▼

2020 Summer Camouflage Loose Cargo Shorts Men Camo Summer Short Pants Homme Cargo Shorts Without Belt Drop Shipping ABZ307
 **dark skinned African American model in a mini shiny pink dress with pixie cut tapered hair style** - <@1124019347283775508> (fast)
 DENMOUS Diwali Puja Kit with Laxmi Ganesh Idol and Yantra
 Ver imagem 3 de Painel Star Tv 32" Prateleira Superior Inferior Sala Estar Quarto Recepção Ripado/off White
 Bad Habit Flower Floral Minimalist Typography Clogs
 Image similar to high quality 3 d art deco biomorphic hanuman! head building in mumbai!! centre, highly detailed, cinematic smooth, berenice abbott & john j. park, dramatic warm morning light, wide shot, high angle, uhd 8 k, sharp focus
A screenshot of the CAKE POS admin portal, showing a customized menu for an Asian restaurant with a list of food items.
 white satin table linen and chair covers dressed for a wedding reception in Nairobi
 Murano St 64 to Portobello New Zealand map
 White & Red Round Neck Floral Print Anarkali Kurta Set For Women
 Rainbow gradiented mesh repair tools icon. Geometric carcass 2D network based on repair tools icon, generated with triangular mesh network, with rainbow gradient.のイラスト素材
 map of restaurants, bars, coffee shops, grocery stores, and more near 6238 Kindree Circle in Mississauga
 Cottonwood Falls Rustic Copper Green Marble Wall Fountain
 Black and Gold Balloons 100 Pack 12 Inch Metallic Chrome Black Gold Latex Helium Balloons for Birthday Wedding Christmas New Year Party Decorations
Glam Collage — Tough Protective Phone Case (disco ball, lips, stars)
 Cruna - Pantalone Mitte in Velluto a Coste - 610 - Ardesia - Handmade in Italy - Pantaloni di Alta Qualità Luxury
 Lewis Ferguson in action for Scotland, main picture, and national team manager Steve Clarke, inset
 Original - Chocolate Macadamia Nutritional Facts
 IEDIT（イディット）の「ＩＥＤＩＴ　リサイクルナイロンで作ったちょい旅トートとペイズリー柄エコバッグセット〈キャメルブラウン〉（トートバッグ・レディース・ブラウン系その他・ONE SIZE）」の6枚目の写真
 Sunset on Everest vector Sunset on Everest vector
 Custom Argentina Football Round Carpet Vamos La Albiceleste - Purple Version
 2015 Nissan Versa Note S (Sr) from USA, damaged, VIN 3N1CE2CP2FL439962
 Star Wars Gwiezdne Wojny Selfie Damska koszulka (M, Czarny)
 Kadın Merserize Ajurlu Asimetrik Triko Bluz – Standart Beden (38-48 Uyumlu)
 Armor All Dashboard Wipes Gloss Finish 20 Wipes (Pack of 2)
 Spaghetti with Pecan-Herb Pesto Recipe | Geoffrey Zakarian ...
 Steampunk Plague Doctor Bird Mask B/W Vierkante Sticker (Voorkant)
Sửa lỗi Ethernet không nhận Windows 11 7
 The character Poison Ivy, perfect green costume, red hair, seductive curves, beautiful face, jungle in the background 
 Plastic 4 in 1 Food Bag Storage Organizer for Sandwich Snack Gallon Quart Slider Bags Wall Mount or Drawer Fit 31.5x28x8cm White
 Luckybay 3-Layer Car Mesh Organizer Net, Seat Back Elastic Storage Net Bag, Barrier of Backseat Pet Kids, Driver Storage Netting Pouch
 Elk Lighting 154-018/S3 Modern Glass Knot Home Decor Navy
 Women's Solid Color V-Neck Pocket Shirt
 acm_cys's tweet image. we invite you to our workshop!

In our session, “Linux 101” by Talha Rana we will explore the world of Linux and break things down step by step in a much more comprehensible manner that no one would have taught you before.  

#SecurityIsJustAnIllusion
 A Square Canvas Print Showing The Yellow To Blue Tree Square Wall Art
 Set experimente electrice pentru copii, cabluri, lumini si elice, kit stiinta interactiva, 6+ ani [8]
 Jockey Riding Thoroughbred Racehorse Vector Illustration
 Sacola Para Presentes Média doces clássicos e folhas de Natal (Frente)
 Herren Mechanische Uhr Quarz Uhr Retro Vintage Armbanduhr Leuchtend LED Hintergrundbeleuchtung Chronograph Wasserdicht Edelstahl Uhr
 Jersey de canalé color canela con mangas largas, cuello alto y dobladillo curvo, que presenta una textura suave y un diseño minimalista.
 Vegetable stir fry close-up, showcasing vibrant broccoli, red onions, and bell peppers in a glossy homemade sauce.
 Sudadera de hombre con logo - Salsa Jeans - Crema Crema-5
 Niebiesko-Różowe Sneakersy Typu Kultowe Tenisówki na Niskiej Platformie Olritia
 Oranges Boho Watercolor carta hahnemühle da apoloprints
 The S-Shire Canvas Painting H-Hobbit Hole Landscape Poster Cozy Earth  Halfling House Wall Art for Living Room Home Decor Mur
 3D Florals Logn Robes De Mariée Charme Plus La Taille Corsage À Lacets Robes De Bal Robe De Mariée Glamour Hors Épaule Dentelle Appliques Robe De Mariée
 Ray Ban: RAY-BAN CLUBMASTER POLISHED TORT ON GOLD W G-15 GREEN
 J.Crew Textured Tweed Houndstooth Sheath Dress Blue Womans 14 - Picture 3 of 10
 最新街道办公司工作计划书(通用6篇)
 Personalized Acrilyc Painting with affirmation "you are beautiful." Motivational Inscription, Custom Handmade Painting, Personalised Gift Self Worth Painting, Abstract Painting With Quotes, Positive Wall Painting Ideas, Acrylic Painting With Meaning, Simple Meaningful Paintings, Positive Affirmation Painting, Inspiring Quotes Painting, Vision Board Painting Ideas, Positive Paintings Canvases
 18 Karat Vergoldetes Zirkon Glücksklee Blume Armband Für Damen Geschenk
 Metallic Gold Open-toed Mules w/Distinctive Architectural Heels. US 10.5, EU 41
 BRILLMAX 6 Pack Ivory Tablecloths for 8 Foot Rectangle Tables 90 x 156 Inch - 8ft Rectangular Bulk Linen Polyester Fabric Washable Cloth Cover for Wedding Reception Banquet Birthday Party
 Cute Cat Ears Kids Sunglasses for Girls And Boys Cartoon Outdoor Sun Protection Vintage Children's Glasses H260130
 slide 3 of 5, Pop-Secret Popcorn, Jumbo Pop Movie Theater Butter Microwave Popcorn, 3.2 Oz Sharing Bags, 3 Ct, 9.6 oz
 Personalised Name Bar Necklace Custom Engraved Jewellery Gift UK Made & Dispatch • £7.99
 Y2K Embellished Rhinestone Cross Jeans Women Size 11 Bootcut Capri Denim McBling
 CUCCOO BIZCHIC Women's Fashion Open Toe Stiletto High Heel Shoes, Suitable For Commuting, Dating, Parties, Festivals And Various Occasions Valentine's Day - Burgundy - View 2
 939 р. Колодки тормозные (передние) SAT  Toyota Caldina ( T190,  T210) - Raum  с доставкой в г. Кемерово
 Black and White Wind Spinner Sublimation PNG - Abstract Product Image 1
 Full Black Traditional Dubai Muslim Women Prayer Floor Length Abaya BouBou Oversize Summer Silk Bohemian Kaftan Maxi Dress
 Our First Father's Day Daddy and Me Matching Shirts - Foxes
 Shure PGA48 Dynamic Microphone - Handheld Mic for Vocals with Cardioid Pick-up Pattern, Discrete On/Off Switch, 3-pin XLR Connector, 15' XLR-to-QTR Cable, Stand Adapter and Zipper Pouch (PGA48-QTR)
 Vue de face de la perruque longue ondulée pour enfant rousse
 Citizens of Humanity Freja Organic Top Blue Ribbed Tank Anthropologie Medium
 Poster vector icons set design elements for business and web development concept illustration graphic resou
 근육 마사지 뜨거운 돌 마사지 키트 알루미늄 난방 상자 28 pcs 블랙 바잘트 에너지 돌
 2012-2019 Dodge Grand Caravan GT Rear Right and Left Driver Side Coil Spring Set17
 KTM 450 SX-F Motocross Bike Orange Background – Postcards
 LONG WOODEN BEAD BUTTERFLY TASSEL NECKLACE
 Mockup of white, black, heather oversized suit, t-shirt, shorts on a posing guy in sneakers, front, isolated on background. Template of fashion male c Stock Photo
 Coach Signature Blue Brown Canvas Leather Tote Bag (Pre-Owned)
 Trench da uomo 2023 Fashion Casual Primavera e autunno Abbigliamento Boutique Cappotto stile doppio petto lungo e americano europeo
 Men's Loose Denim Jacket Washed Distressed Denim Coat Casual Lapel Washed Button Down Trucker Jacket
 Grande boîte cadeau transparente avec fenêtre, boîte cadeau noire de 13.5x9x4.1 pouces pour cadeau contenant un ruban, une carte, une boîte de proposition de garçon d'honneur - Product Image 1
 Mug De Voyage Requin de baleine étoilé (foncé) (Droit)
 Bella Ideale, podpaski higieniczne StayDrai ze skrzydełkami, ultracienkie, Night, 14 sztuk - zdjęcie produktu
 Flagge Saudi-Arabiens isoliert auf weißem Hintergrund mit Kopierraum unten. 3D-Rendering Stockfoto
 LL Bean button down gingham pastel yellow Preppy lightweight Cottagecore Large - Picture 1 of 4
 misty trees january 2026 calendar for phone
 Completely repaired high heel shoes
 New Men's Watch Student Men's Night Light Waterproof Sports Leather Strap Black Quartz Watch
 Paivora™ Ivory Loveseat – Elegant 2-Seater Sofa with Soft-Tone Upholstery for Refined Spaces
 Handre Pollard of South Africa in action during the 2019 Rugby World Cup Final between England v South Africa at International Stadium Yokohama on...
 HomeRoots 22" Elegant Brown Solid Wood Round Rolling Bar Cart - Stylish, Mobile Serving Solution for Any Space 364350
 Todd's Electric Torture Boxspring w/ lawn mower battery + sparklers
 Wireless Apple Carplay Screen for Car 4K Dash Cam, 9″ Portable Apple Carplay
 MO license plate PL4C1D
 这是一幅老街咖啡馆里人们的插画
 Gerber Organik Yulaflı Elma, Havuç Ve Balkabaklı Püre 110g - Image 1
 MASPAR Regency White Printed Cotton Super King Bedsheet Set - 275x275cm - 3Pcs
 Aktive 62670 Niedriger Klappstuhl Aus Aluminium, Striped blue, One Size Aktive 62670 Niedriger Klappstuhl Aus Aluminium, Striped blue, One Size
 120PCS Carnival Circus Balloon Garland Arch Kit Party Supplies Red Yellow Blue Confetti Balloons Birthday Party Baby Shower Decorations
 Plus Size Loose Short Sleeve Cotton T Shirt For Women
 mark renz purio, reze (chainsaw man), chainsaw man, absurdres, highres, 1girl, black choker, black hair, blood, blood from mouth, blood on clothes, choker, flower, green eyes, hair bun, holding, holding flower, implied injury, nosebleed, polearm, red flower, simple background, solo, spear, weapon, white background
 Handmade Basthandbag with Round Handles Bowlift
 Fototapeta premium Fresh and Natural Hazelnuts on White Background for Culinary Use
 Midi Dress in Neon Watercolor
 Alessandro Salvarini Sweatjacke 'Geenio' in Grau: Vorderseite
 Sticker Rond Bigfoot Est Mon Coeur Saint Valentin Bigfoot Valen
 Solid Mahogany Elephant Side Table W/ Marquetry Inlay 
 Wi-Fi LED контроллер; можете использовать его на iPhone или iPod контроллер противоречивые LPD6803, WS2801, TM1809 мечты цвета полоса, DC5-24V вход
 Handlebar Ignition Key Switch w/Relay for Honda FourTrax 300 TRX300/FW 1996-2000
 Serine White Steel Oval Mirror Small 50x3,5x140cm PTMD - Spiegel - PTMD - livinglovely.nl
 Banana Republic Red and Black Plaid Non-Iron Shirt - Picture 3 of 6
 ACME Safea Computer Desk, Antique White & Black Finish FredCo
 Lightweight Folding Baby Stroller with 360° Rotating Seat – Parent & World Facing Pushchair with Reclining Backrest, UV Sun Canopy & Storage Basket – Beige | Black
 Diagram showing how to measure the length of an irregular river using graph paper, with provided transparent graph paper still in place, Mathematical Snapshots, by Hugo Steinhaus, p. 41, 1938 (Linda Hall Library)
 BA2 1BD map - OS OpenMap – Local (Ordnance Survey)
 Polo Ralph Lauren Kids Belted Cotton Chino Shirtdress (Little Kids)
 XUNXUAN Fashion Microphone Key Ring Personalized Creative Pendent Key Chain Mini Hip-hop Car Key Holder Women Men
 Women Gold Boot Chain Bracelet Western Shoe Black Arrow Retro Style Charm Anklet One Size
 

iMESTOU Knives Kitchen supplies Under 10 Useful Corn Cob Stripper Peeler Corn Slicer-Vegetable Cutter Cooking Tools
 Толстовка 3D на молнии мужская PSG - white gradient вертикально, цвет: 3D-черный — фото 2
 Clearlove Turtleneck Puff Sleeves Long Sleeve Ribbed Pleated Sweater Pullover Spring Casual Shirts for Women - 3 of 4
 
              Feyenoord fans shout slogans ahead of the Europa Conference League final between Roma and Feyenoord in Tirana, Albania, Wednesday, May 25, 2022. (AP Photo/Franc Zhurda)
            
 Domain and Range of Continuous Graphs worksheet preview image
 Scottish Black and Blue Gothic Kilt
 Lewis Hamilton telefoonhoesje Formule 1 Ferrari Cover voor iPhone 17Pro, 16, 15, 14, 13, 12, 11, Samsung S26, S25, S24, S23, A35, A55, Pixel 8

▲

DESCRIPTION OF THE TASK: Wherever the string "pour" appears in the entries above, return the line it appears on.

YOUR RESPONSE:
 Vue de face de la perruque longue ondulée pour enfant rousse
 Grande boîte cadeau transparente avec fenêtre, boîte cadeau noire de 13.5x9x4.1 pouces pour cadeau contenant un ruban, une carte, une boîte de proposition de garçon d'honneur - Product Image 1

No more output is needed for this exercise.